Many of you know I love using scraps and strips in my quilting. Have you ever wondered about the history of scrap or strip quilting? Since the price of fabric is high and many of us keep even the smallest piece in our stash, I thought it would be interesting to look at scrap and strip quilting this week. I know I have a system in place to save scraps and strips. Do you? I’ll share my tips on collecting and storing scraps and strips and, also, what to do with them. Let’s get started!
Scraps, Strips and Strings
Most historians agree that strip quilting, scrap quilting or string quilting often gains popularity in times of economic downturns. Quilters who did not have the disposable income to purchase new fabric would cut up what they had and store in their sewing baskets for future projects. New and old fabrics were used. Sometimes clothes that were no longer wearable. They would sew together scraps and strips until they had created a larger piece of fabric. They used rulers or a specific template they wanted to use to make a block to judge the size of the fabric piece they needed. Once they reached the desired size, they cut their pieces or blocks from the scrappy piece. Here’s some examples of string, scrap and strip units that were used then.
String piecing units were often made from strips of various sizes:
A lot of string quilts made in the past used strips of many different widths like above. Some of the quilts of Gee’s Bend are good examples of this type of piecing.

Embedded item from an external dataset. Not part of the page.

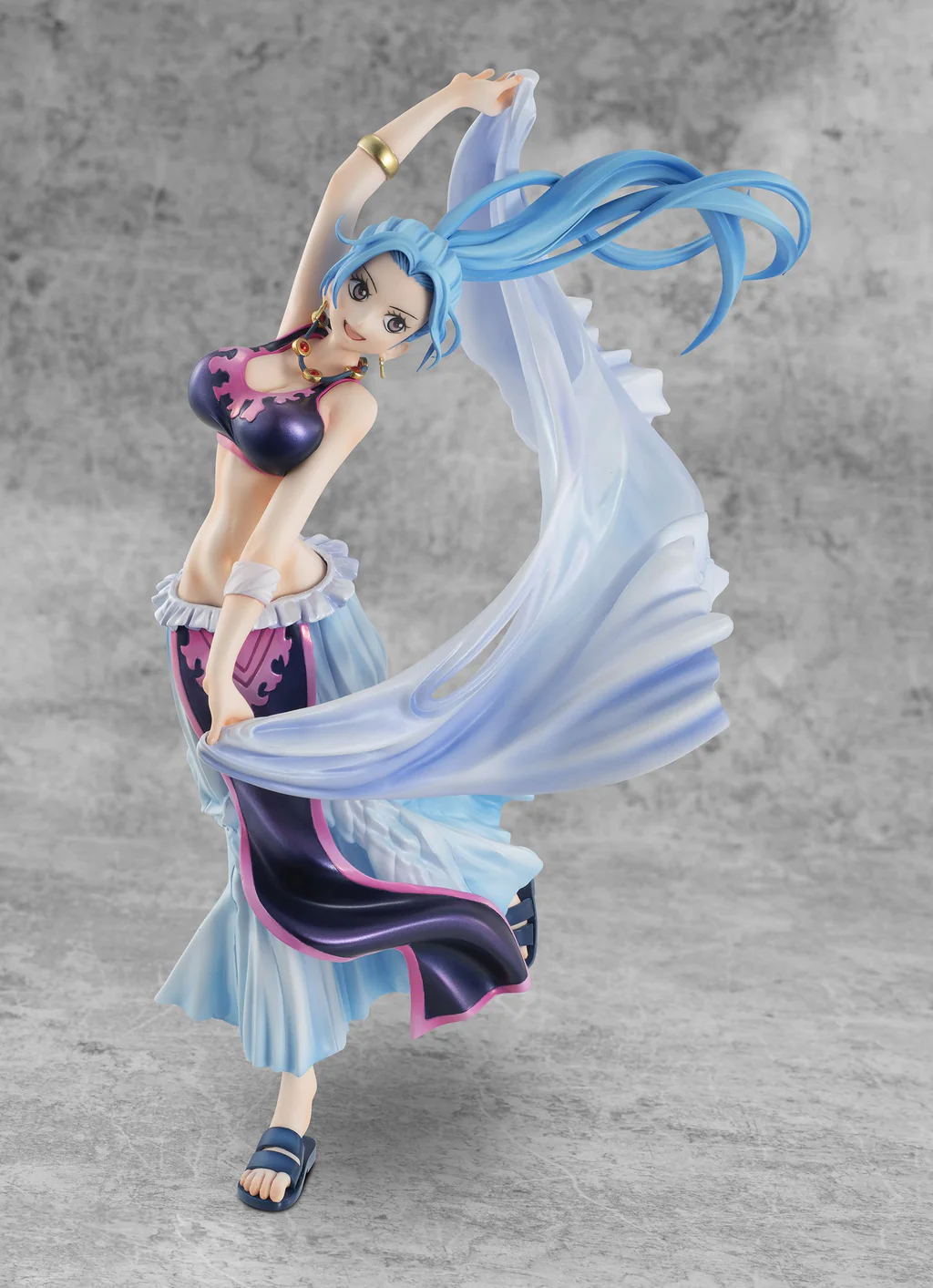 One Piece Nefertari Vivi P.O.P Playback Memories
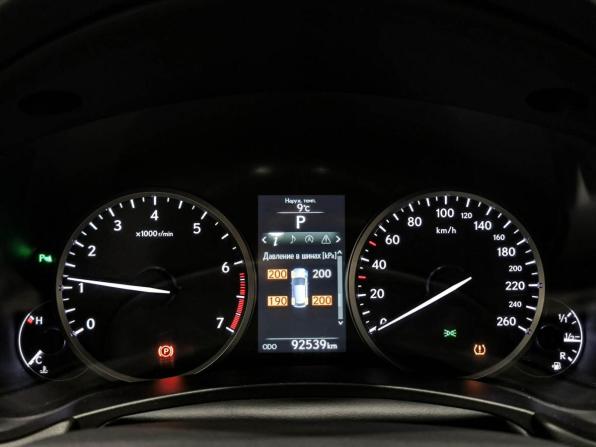Lexus NX I с пробегом 2017 года, цена 2 990 000 рублей, 92538 км, внедорожник, Автокод Объявления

For my strip piecing, I like to use strips of the same size in a strip set so I can use a rotary cutter to cut squares and rectangles:
I like to keep things simple!
Here’s a representation of a really scrappy piece of fabric created from many pieces of fabric of different widths, shapes and sizes and a 6 1/2″ block that I cut from it.
This was the technique used to make blocks for a crazy quilt. Of course, they used a variety of fabrics unlike mine which is made from all cotton quilting fabrics. Here’s a brief history of crazy quilts from All People Quilt.
Finally, there’s a recent, fun trend called crumb quilting. This is scrap quilting with really small scraps of fabric. See how big the scraps in the block above are? Crumb units and blocks are made from smaller pieces, some as small as 1 to 2 inches! Here’s my example of a bunch of “crumbs” stitched together into a unit and then a 3 1/2″ square cut from it.
Quilt Blocks from Strips
Some of my favorite blocks are made from strips. My most favorite is the log cabin block.
These blocks are made by starting with a center square and then adding longer and longer strips as you go to make a block the size you want. Above is a traditional log cabin block. Below is a courthouse steps version.
Whichever version you choose, all you need to start making these is a pile of assorted strips. I have built up a stash of strips by cutting them from leftover fabric.
I collect the size strips I use the most: 1 1/2″ and 2 1/2″. Here’s how I store them:
So, I can sit down with these bins of strips, along with others, and create as many log cabin blocks as I would like.
Blocks from Strip Sets
Another way to use strips is to make strip sets, then cut those up to make units for blocks. Here’s how to make a strip set:
Strip sets can be made up of two strips like above or several strips. A two strip set is usually made to be sub-cut into units to make 4-patch blocks.
With strip sets of more than two strips can be used to make 9-patch blocks and rail fence blocks.
If you make strips sets with 3 or 4 strips of various colors, cutting them into squares and then piecing them together while rotating two of the squares will get you a rail fence block:
Other uses for Strips – Borders
Another use for my collection of strips? Pieced borders! Here’s a checkerboard style:
Here’s three piano key style borders. All are made with straight strips:
On the left is a simple piano key border, which is strips just stitched together into rows and attached to the border. The center border is made up of pieced piano key sections with stitch and flip corners to make a sawtooth look. And finally, the border on the right is made up of single strips with flip and sew corners and then pieced into rows.
Finally, here are two other strip options. The photo on the left is a border made of strips joined end to end and the one on the right is just what I call “chaos”. Using strips but cutting them different lengths for a really scrappy look.
Other Uses for Strips – Scrappy Binding
Since we covered how to make and attach binding last week, I thought it would be fun to show you scrappy binding. Simply piece together different color strips into the length of binding you need.
That’s all for this week. Pull out your scrap fabric and have some fun!